--- AVAILABLE DATA Enclosed Below ---

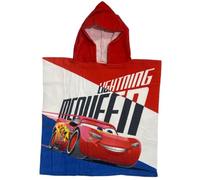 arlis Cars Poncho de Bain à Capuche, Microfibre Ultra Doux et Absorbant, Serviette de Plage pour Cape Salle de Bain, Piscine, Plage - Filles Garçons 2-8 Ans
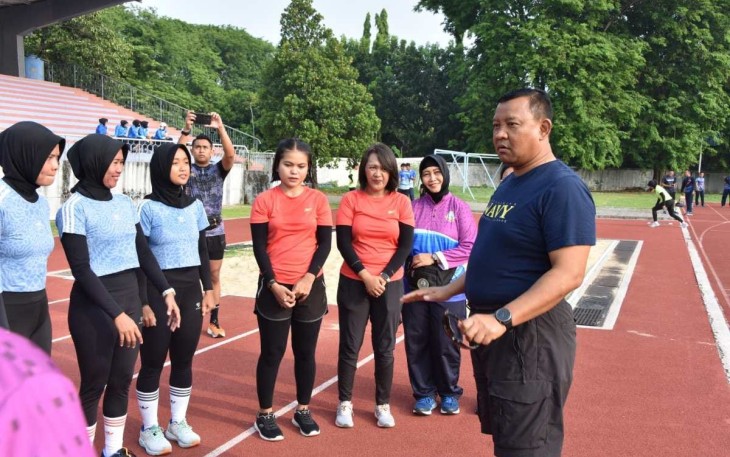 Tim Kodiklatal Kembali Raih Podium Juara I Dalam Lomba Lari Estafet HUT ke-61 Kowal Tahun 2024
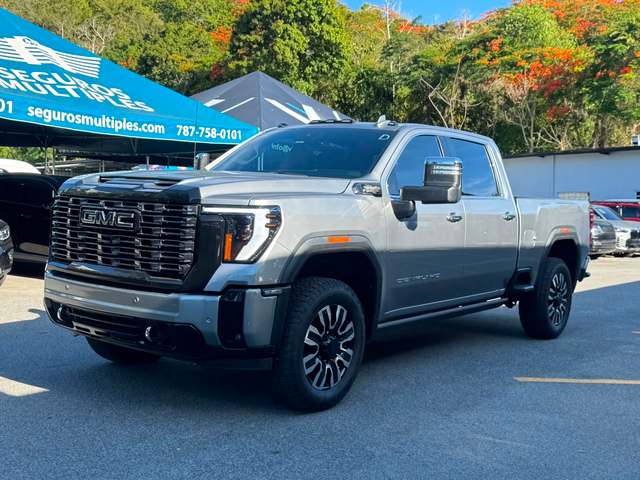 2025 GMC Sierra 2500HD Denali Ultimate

--- End of Enclosed AVAILABLE DATA ---
--- AVAILABLE DATA Enclosed Below ---

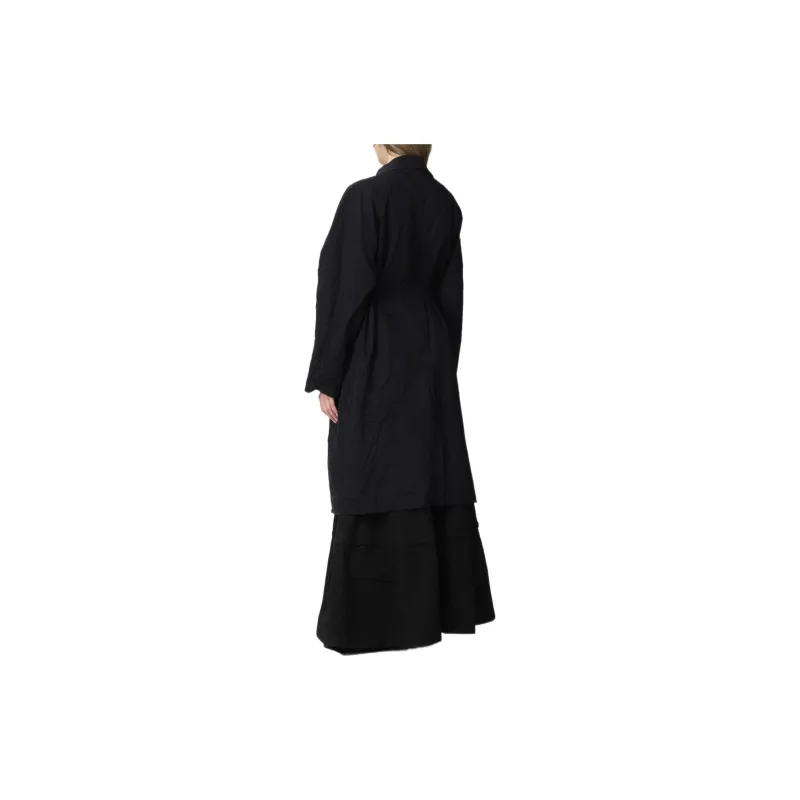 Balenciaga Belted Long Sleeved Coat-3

--- End of Enclosed AVAILABLE DATA ---
--- AVAILABLE DATA Enclosed Below ---

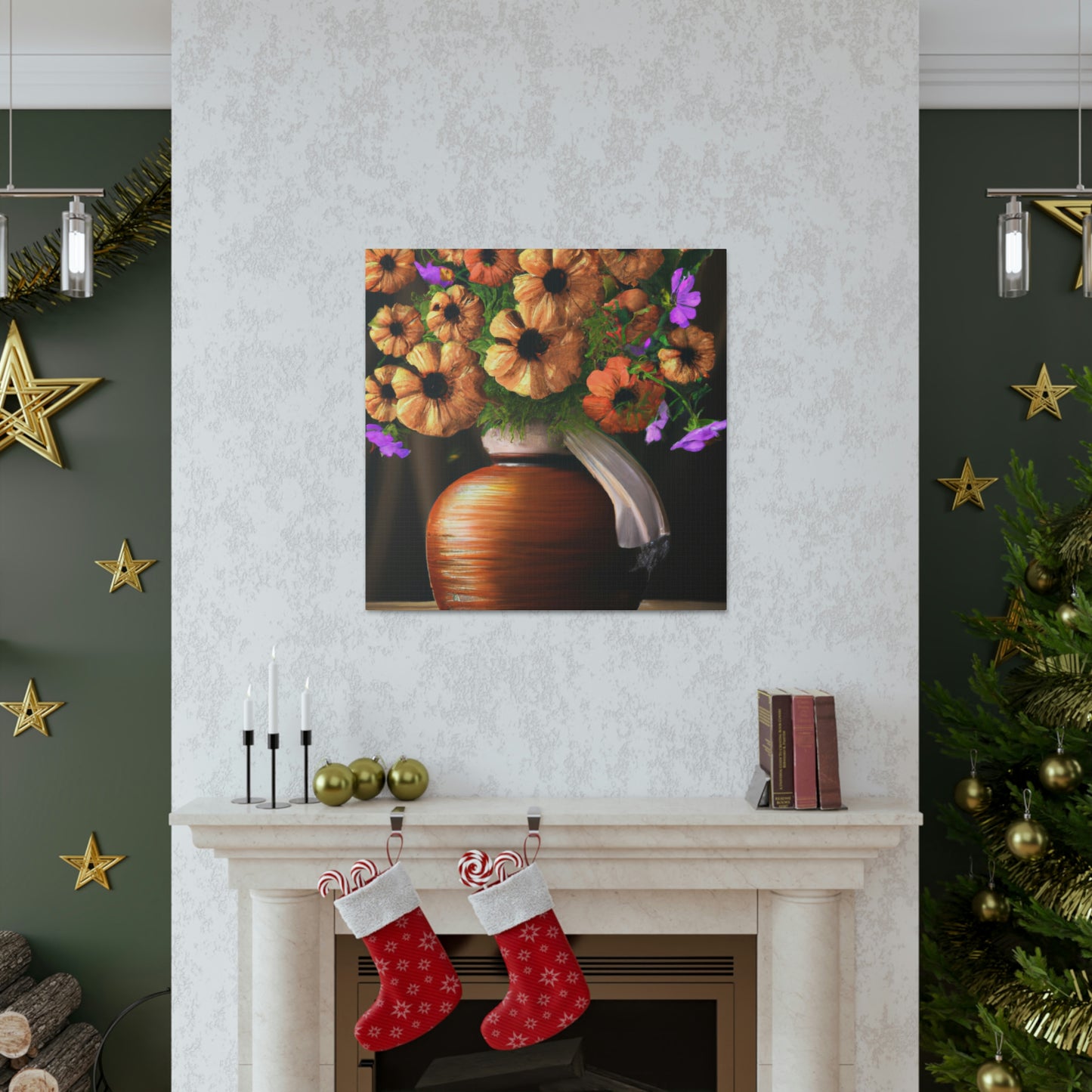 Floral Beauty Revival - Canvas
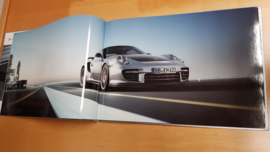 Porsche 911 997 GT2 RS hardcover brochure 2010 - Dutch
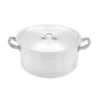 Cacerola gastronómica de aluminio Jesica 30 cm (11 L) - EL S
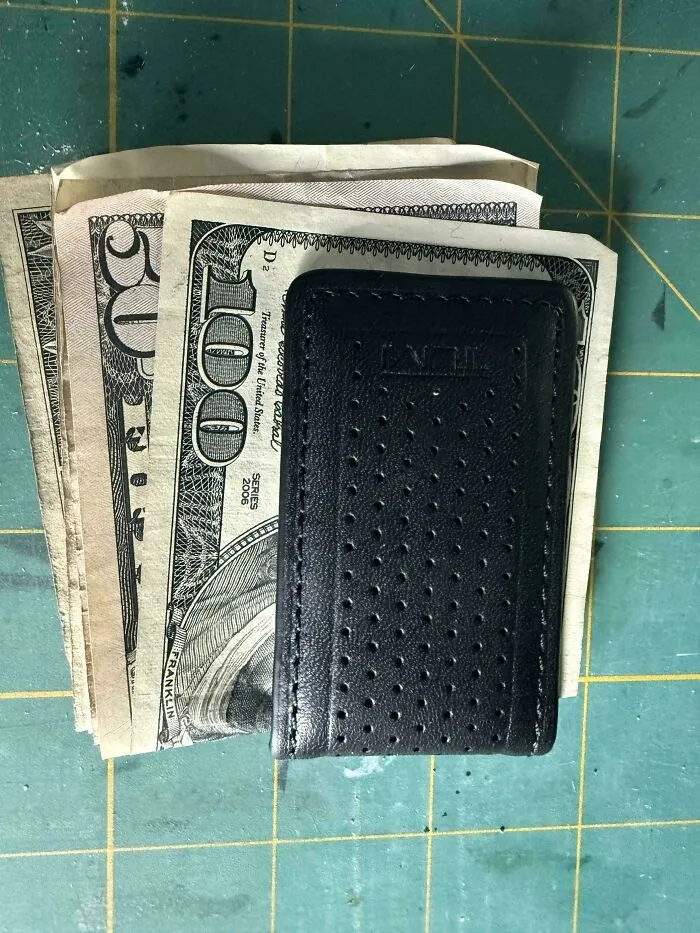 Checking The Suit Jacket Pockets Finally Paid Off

--- End of Enclosed AVAILABLE DATA ---

— YOUR OBJECTIVE —
Every line above in the stretch from the one with "Porsche 911 997" through the one with "Checking The Suit" is to be transcribed exactly, ends included. No picture is copied.

— RESULT FOR THIS TASK —
 Porsche 911 997 GT2 RS hardcover brochure 2010 - Dutch
 Cacerola gastronómica de aluminio Jesica 30 cm (11 L) - EL S
 Checking The Suit Jacket Pockets Finally Paid Off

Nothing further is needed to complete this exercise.